Sejumlah penelitian sosiologi ekonomi bahkan menyebut etos ini sejalan dengan teori etika kerja religius yang pernah dikemukakan oleh Max Weber—bahwa keyakinan agama dapat membentuk perilaku ekonomi yang disiplin dan produktif.
Merantau: Sekolah Kehidupan Orang Minang
Jika agama adalah akar, maka merantau adalah kawah candradimuka. Bagi laki-laki Minangkabau, meninggalkan kampung halaman bukan sekadar tradisi, melainkan proses pendewasaan ekonomi dan mental.
Pepatah “Dima bumi dipijak, disinan langik dijunjung” mengajarkan kemampuan adaptasi. Di tanah orang, mereka belajar membaca peluang, memahami selera pasar, dan menyesuaikan diri tanpa kehilangan jati diri.
Tak heran, data dari Badan Pusat Statistik menunjukkan bahwa masyarakat Minangkabau termasuk salah satu etnis dengan tingkat mobilitas ekonomi dan kewirausahaan yang tinggi, terutama di sektor perdagangan dan jasa makanan.
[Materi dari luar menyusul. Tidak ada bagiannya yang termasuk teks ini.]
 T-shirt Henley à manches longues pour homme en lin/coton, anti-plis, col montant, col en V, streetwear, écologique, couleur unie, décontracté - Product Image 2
Hidup Harus Berencana, Usaha Harus Terukur
Orang Minang mengenal prinsip “Hiduik baraka, baukue jo bajangko”—hidup harus punya rencana, usaha harus terukur. Filosofi ini tercermin dalam kebiasaan hemat, fokus, dan disiplin finansial.
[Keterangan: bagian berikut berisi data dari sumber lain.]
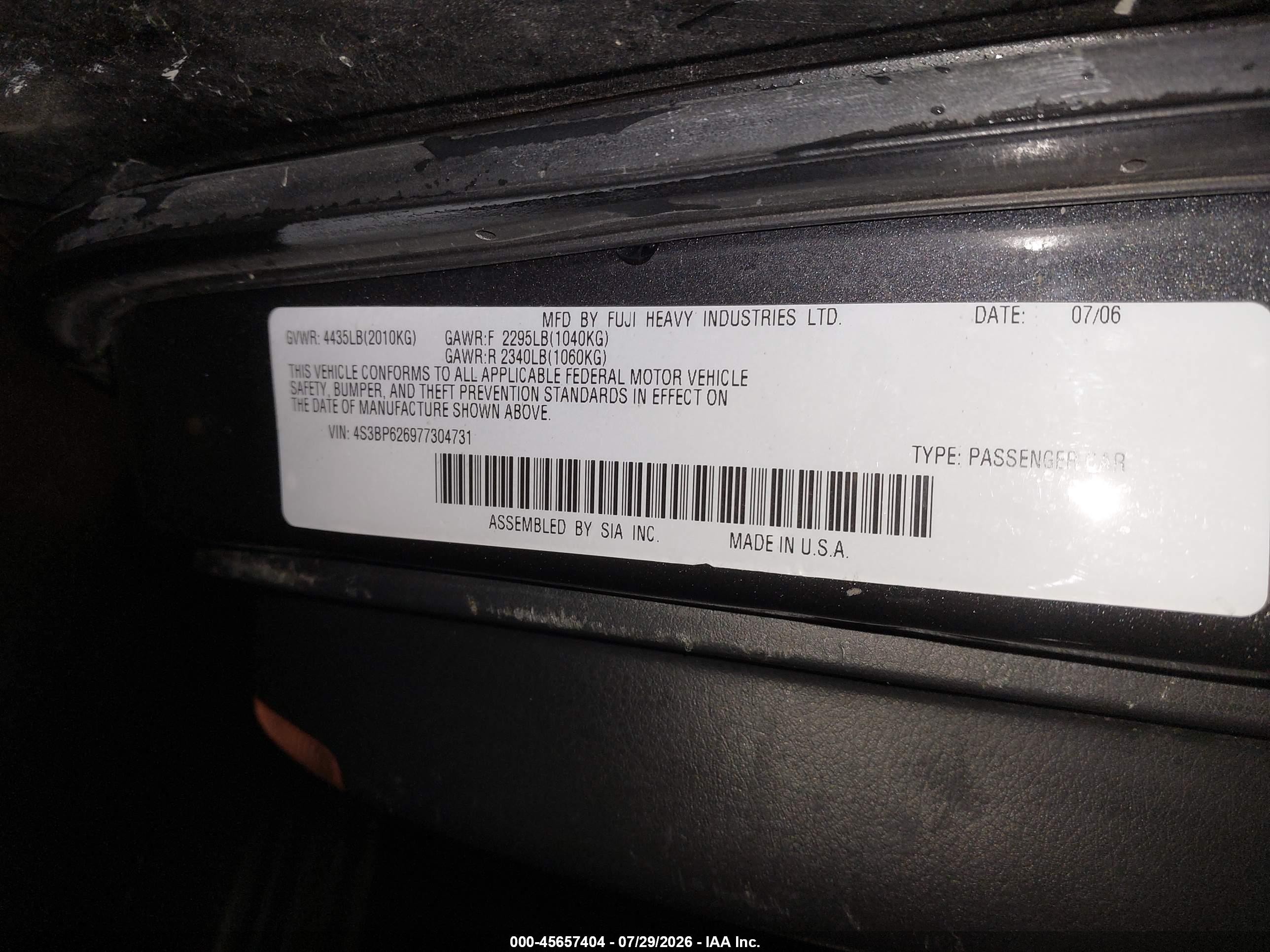 2007 Subaru Legacy 2.5i Gray vin: 4S3BP626977304731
Keuntungan tidak langsung dihabiskan. Modal diputar kembali. Risiko dihitung matang. Kepuasan ditunda demi keberlanjutan usaha. Pola ini membuat banyak pedagang Minang mampu bertahan dari krisis, termasuk saat pandemi.
Pepatah lain menegaskan:
“Kok nak kayo kuek mancari, kok nak pandai kuek baraja.”
Ingin kaya, harus kuat bekerja. Ingin pandai, harus kuat belajar.
Gagal Bukan Akhir, Tapi Guru
Dalam budaya Minangkabau, kegagalan tidak dipandang sebagai aib. Justru sebaliknya—ia adalah guru kehidupan. Banyak pengusaha Minang memulai dari usaha kecil, jatuh bangun berkali-kali, sebelum akhirnya menemukan bentuk bisnis yang matang.
Kepercayaan diri dan keberanian mengambil risiko menjadi modal penting. Selama masih jujur dan bekerja keras, kegagalan hanyalah jeda, bukan titik akhir.
Dari Lapau ke Jaringan Global
Salah satu simbol keberhasilan etos ini adalah menjamurnya rumah makan Padang, dari usaha keluarga hingga jaringan besar seperti RM Sederhana. Konsistensi rasa, kejujuran timbangan, dan pelayanan yang adaptif membuatnya diterima lintas budaya.
Kini, generasi muda Minang melangkah lebih jauh. Mereka merambah startup kuliner, ekspor makanan siap saji, hingga bisnis digital, tanpa meninggalkan nilai lama: integritas, kerja keras, dan belajar tanpa henti.
Warisan Nilai yang Tetap Relevan
Di tengah dunia yang serba cepat, etos wirausaha Minangkabau menunjukkan bahwa nilai tradisional tidak pernah usang. Justru ia menjadi jangkar di tengah perubahan.
Agama memberi arah. Adat memberi batas. Budaya kerja keras memberi daya tahan.
Dari surau ke rantau, dari lapau ke pasar global, orang Minang membuktikan satu hal: usaha yang dijalani dengan nilai akan selalu menemukan jalannya. Makin tahu Indonesia.